Greek Shipowner & Operator To Pay $2 million Fine For Polluting Mississippi River
In a significant development, the U.S. Government has imposed environmental fines on a Greek ship operator and owner for not acting up to prevent pollution in the Mississippi River.
Joanna Maritime Limited and Empire Bulkers Limited will have to pay a $2 million fine for playing with their pollution prevention equipment in M/V Joanna vessel, which violated the Ports and Waterways Safety Act and the Act to Prevent Pollution from Ships (APPS).
When an inspection was carried out in March 2022, it was revealed that the motor vessel’s pollution prevention equipment had been tampered with in a way that allowed fresh water into the sensors. This prevented it from detecting the bilge waste oil content from the overboard discharge.
They even falsified the ship’s oil record book to hide incorrect discharges, which the U.S. Coast Guard saw in their inspection.

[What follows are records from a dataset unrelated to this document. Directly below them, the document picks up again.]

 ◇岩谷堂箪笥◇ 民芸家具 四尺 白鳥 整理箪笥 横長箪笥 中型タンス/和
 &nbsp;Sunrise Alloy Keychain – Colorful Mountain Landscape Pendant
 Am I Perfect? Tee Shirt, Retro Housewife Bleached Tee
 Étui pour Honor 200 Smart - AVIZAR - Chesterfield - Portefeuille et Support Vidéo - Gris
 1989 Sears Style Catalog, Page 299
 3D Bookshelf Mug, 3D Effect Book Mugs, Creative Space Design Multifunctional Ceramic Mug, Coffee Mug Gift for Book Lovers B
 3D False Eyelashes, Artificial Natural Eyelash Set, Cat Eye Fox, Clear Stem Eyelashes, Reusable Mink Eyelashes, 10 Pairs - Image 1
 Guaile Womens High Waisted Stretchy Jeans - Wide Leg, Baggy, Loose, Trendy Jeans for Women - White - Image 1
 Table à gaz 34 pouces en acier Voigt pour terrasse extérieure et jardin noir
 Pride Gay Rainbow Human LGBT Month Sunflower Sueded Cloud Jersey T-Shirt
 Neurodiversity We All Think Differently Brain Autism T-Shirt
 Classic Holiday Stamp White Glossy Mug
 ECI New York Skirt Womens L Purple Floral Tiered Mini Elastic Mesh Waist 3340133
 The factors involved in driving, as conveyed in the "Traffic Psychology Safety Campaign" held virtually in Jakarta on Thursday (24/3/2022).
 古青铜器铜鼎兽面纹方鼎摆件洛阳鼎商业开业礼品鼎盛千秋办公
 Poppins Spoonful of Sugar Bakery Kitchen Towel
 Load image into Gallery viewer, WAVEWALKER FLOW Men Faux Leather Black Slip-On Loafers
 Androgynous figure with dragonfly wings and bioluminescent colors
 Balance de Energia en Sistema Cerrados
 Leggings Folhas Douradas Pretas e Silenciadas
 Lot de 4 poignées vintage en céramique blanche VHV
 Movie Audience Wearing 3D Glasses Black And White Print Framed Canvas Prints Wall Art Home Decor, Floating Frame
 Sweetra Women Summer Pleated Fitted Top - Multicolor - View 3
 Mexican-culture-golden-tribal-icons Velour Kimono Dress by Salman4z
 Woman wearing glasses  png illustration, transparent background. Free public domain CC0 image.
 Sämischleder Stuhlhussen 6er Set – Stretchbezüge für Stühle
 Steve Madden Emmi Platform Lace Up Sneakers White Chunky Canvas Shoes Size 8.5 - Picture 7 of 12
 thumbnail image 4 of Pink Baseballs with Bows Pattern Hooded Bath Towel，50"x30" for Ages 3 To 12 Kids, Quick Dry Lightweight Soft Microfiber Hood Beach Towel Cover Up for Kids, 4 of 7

There were several other safety hazards on the ship, including leaking fuel oil from the engine room as fuel oil heaters’ pressure relief valves were disabled. This feature is crucial to prevent explosions.
The defendants have already pleaded guilty to this, admitting that this could have caused pollution, loss of life and propulsion.
The Justice Department highlighted the graveness of the matter, saying that they didn’t just violate the law by hiding these problems from the Coast Guard but also put the life of the crew members at risk.
U.S. Attorney Duane A. Evans noted that the U.S. government wouldn’t tolerate such dangerous, deceitful and illegal activities.
In accordance with that, Mary Ann Vial Lemmon, the U.S. District Court Judge, ordered both companies to pay $1 million each and be under probation for four years. During probation, a court-appointed monitor will supervise the ship and do independent audits.